[Brief descriptive captions]
#####
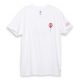 VANS X IT (TERROR) WOMENS BOYFRIEND TEE WHITE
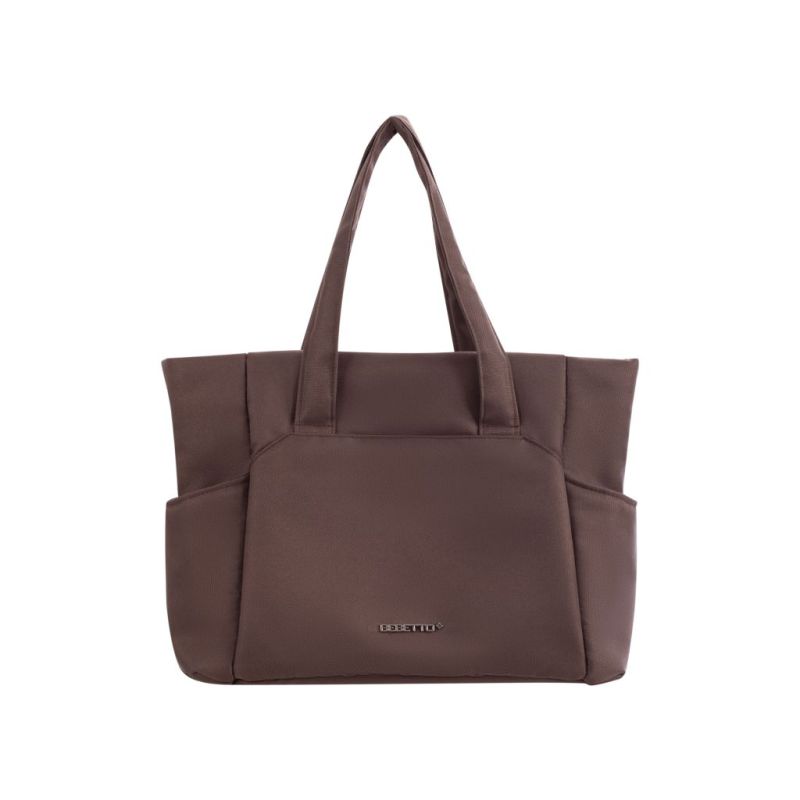 Коляска 2 в 1 Bebetto Nuvio 05 Brown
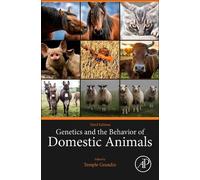 Temple Grandin Genetics and the Behavior of Domestic Animals (Copertina rigida)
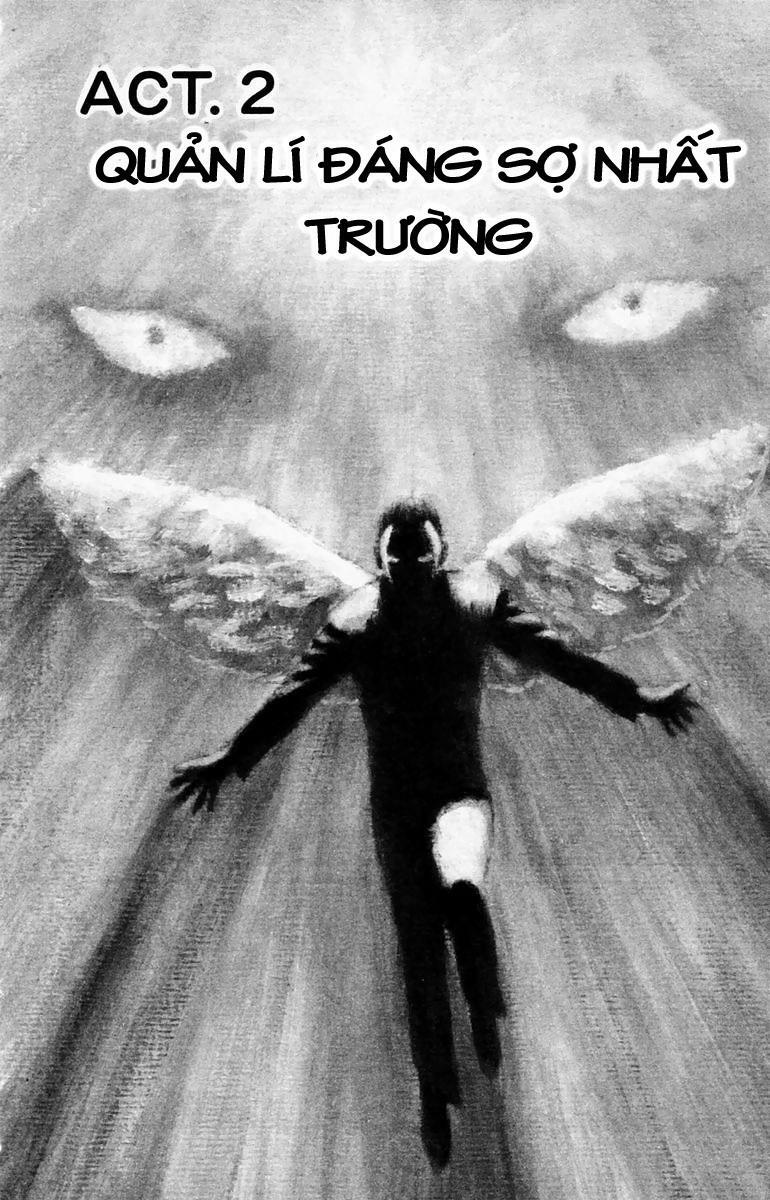 Angel Densetsu: Chapter 2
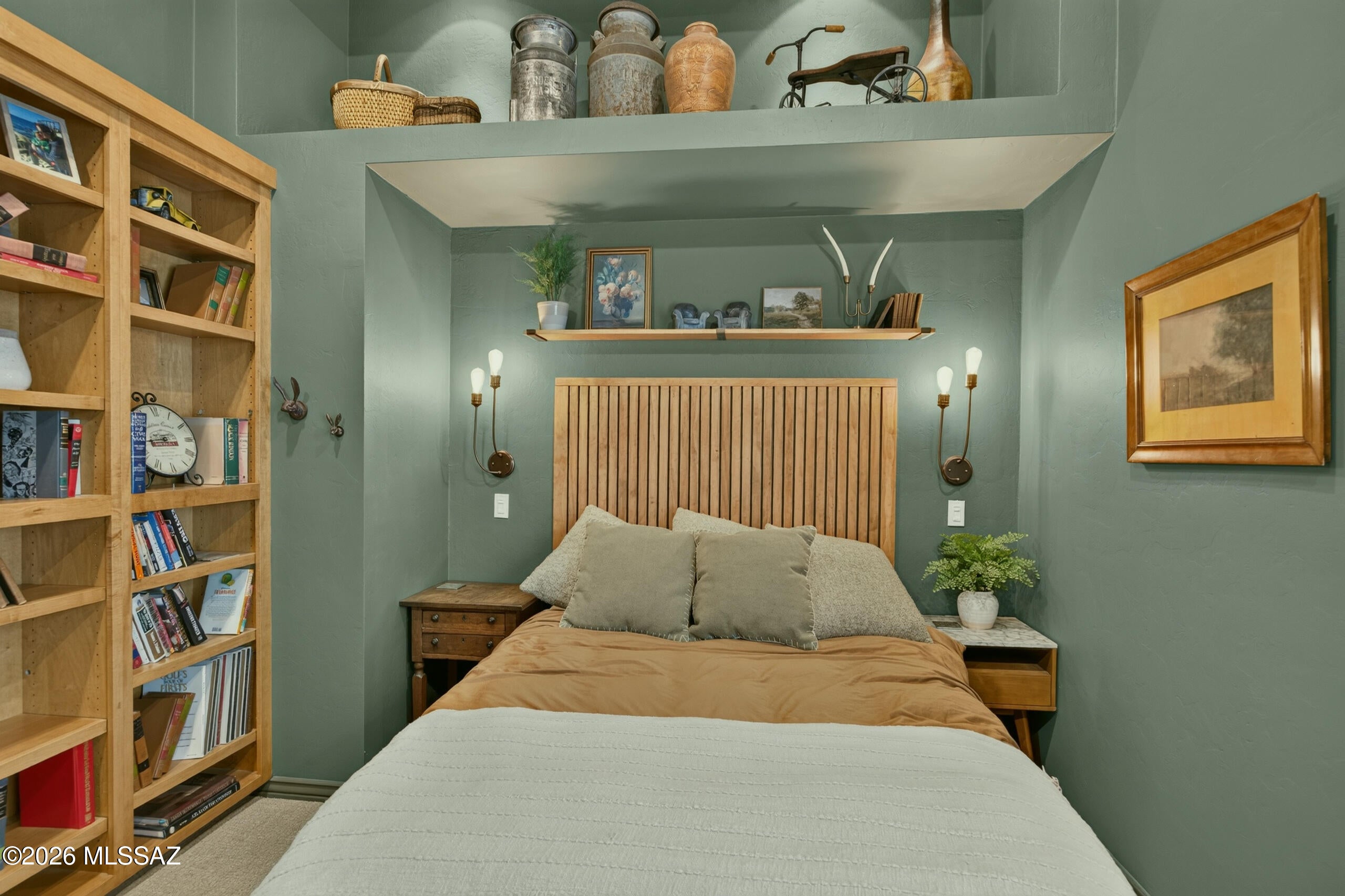 Masters Hill (1-50) - Residential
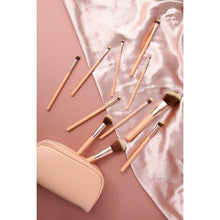 Load image into Gallery viewer, BH Cosmetics 14 Piece Brush Set with a Bag
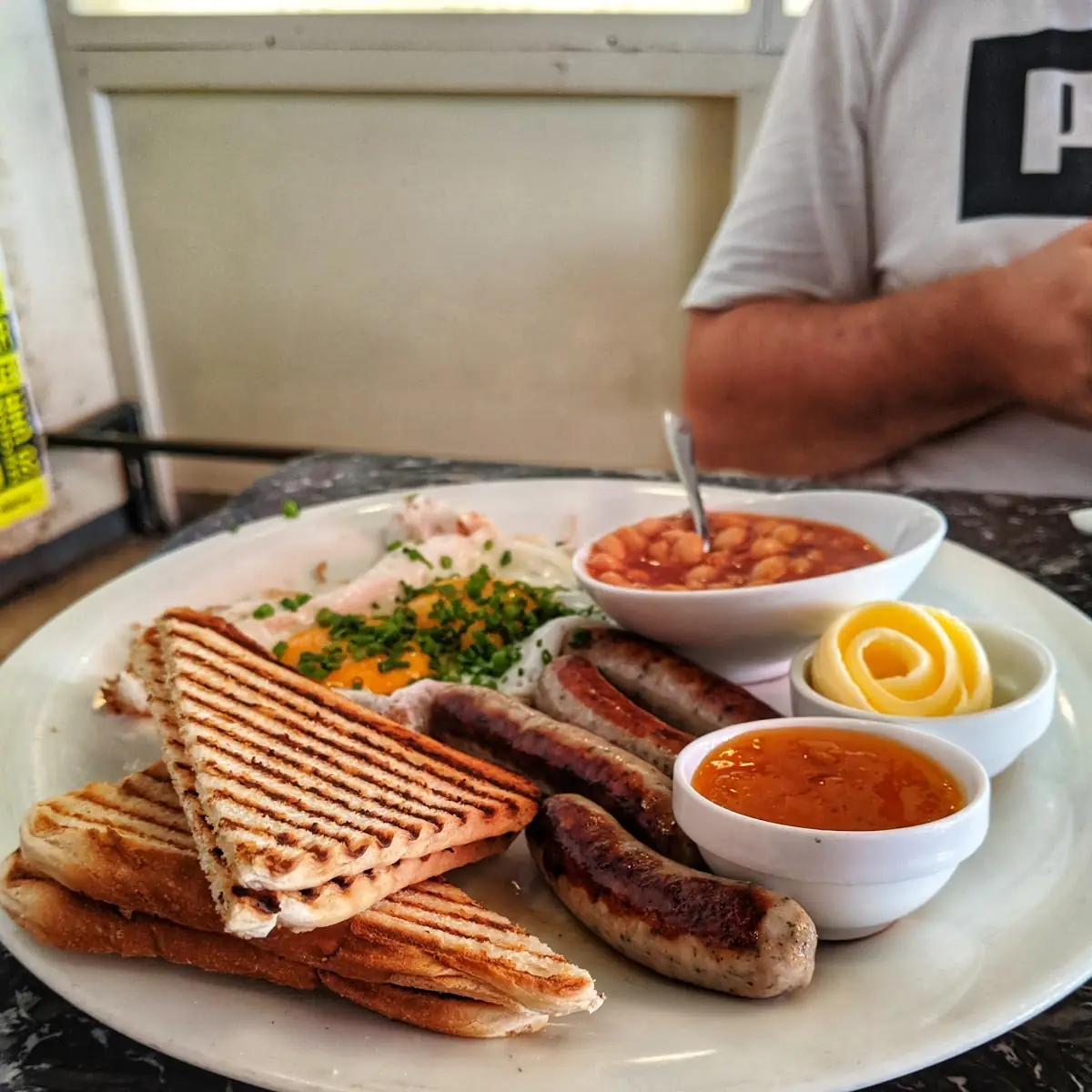 English Breakfast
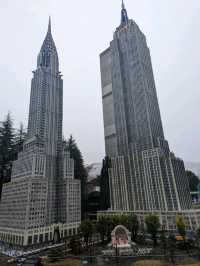 【栃木/日光】東武ワールドスクウェアで世界旅行気分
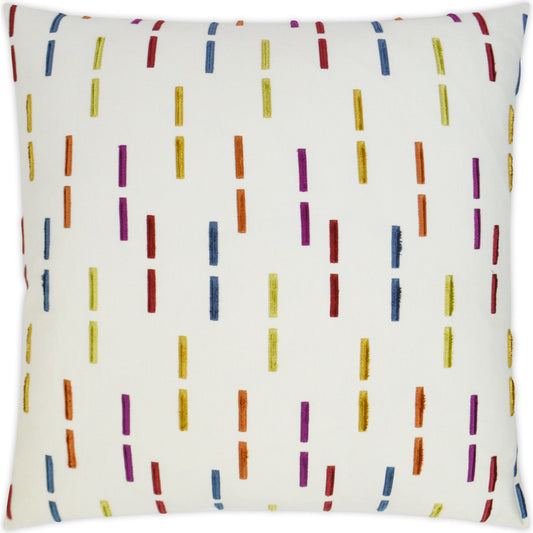 Makeover by DV Kap Home in multi. Made from 52% cotton, 48% polyester, embroidery: 100% polyester in a modern style.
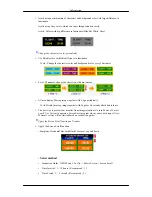 Предварительный просмотр 183 страницы Samsung 320MX - SyncMaster - 32" LCD Flat Panel Display User Manual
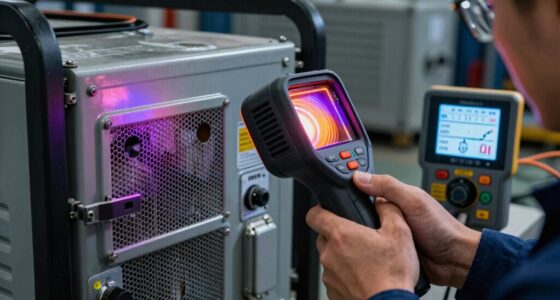 generator maintenance tools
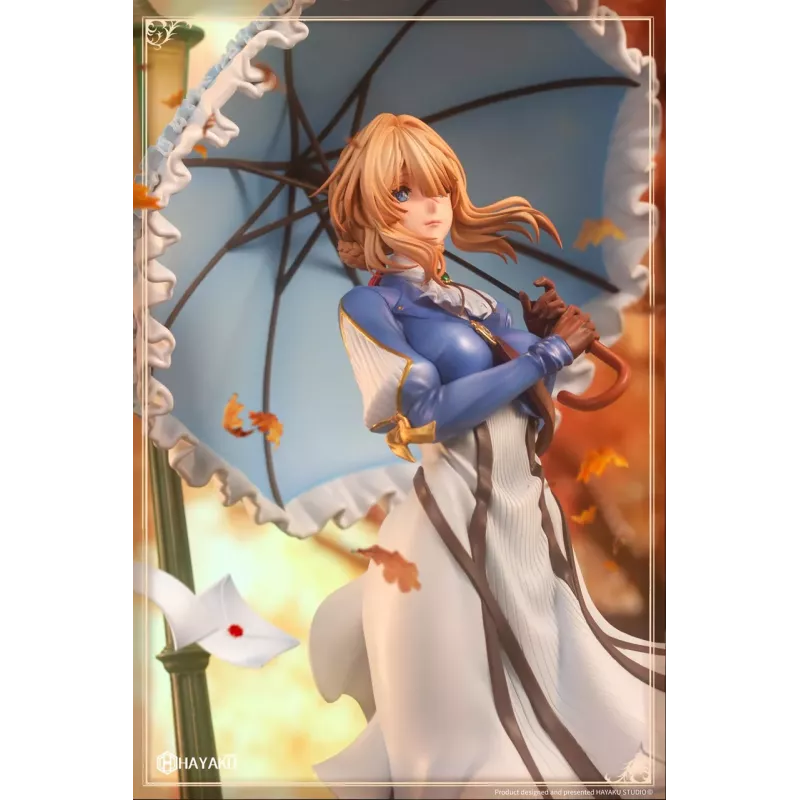 Violet Evergarden Violet Evergarden Hayaku Studio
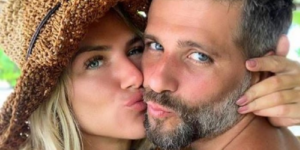 Gio Ewbank escancara crise no casamento com Bruno Gagliasso (Foto: Divulgação)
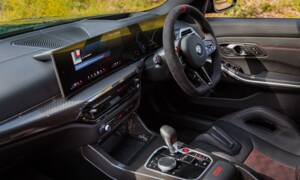 Imagen 4/50 de BMW M3 Competition Touring xDrive (2025)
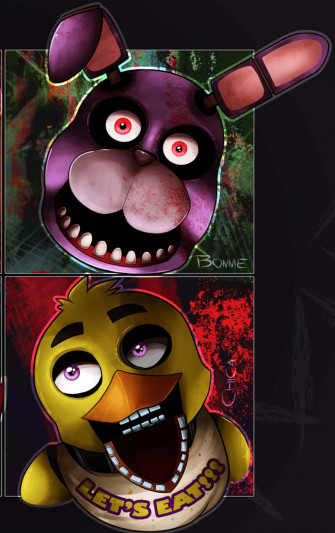 Five Nights At Freddys Wallpaper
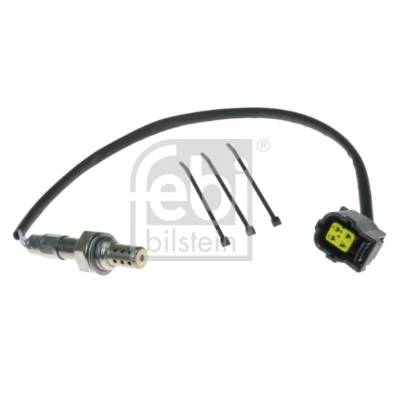 Abbildung von FEBI BILSTEIN 178571 Lambdasonde hinten beheizt MITSUBISHI: Outlander 2 SUV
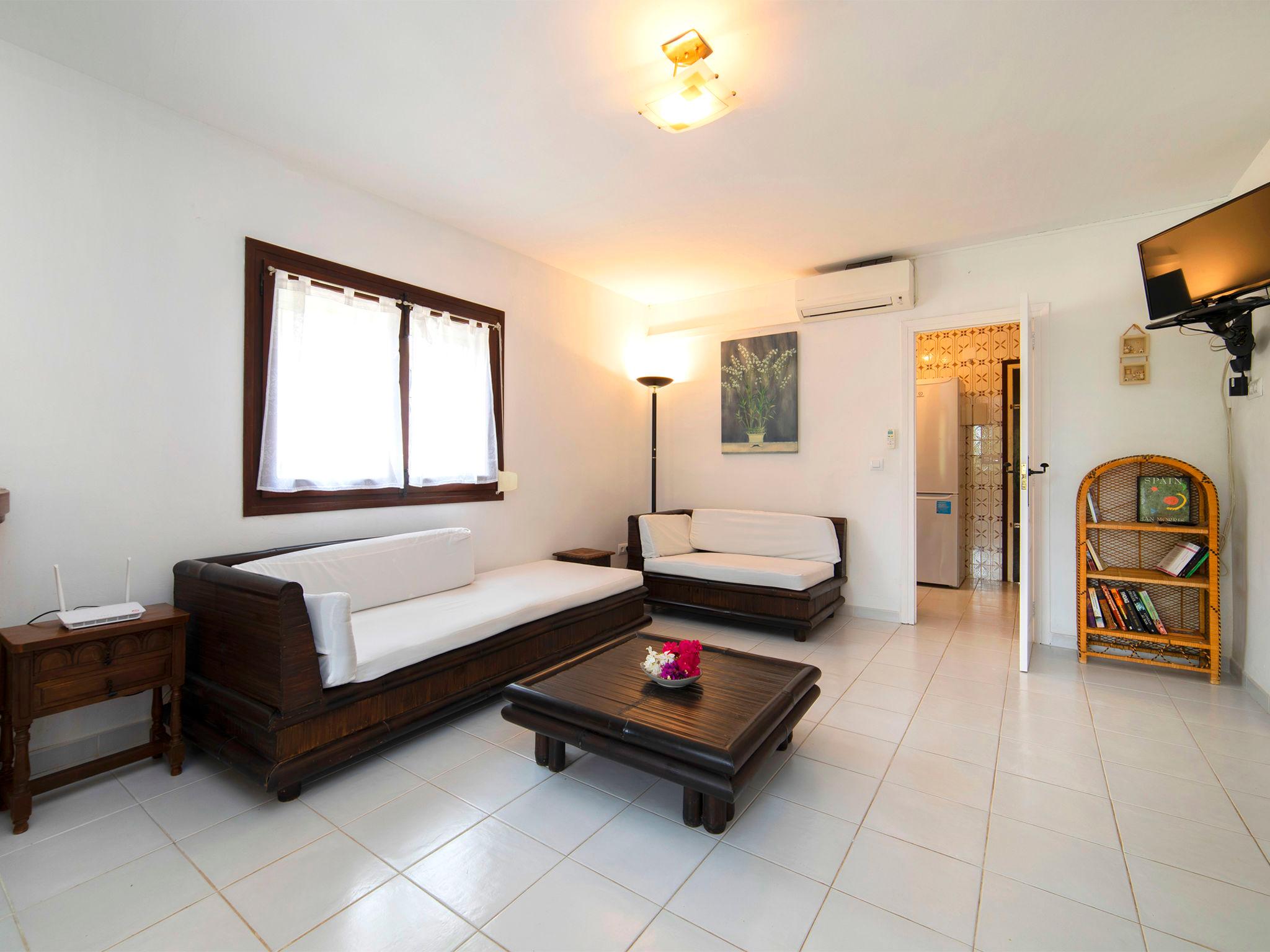 Photo 8 - 2 bedroom House in Benissa with private pool and garden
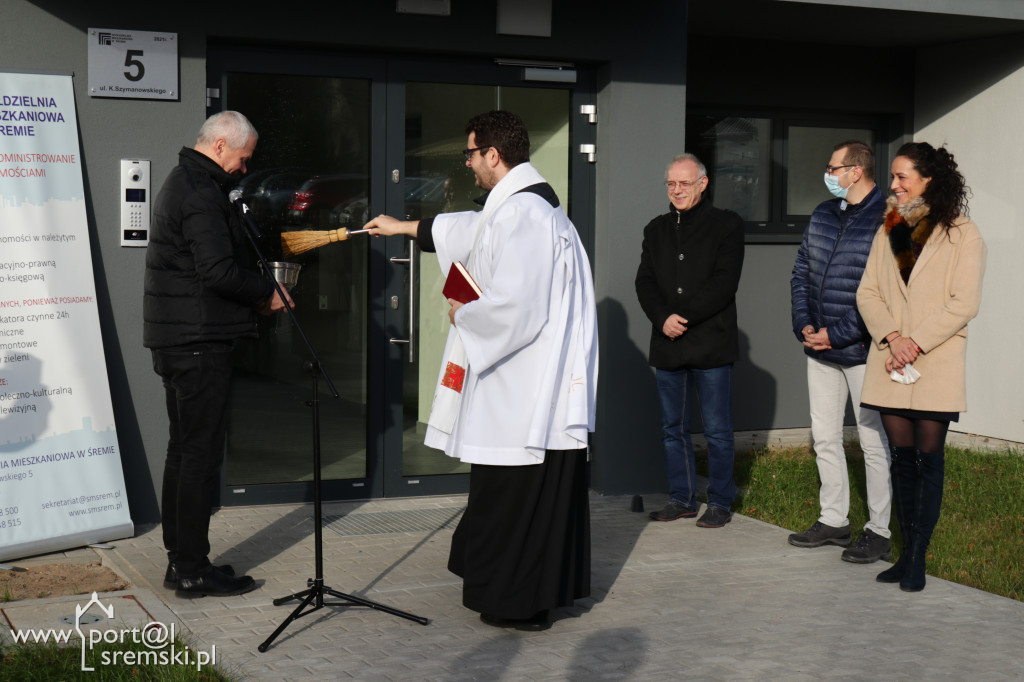 Nowe mieszkania w Spółdzielni Mieszkaniowej w Śremie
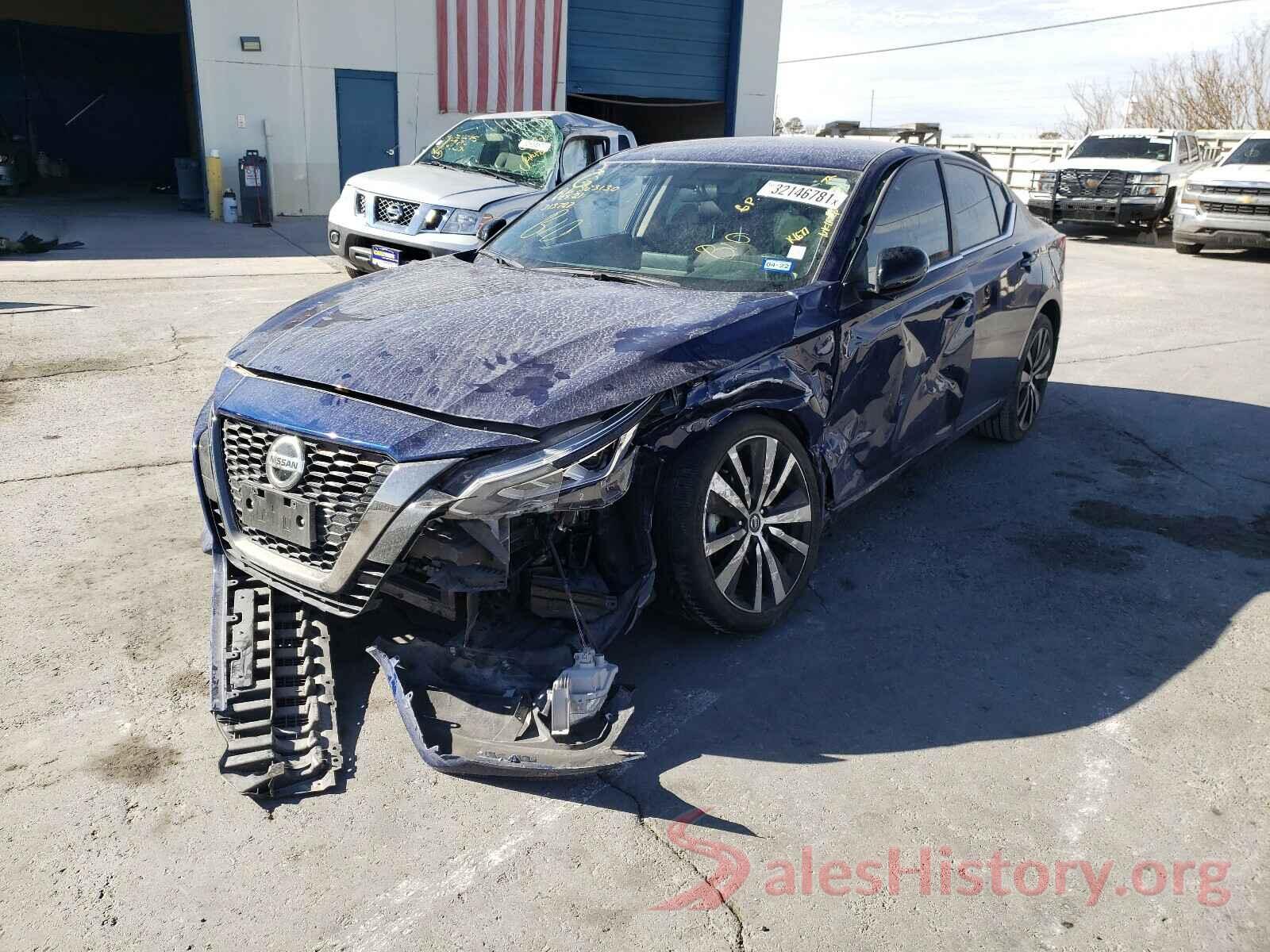 1N4BL4CV3KN325185 2019 NISSAN ALTIMA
#####
About this task | Reproduce exactly, with no pictures, the lines above from the one holding "Masters Hill (1-50) - Residential" to the one holding "Gio Ewbank escancara", inclusive.

Response box |
 Masters Hill (1-50) - Residential
 Load image into Gallery viewer, BH Cosmetics 14 Piece Brush Set with a Bag
 English Breakfast
 【栃木/日光】東武ワールドスクウェアで世界旅行気分
 Makeover by DV Kap Home in multi. Made from 52% cotton, 48% polyester, embroidery: 100% polyester in a modern style.
 Предварительный просмотр 183 страницы Samsung 320MX - SyncMaster - 32" LCD Flat Panel Display User Manual
 generator maintenance tools
 Violet Evergarden Violet Evergarden Hayaku Studio
 Gio Ewbank escancara crise no casamento com Bruno Gagliasso (Foto: Divulgação)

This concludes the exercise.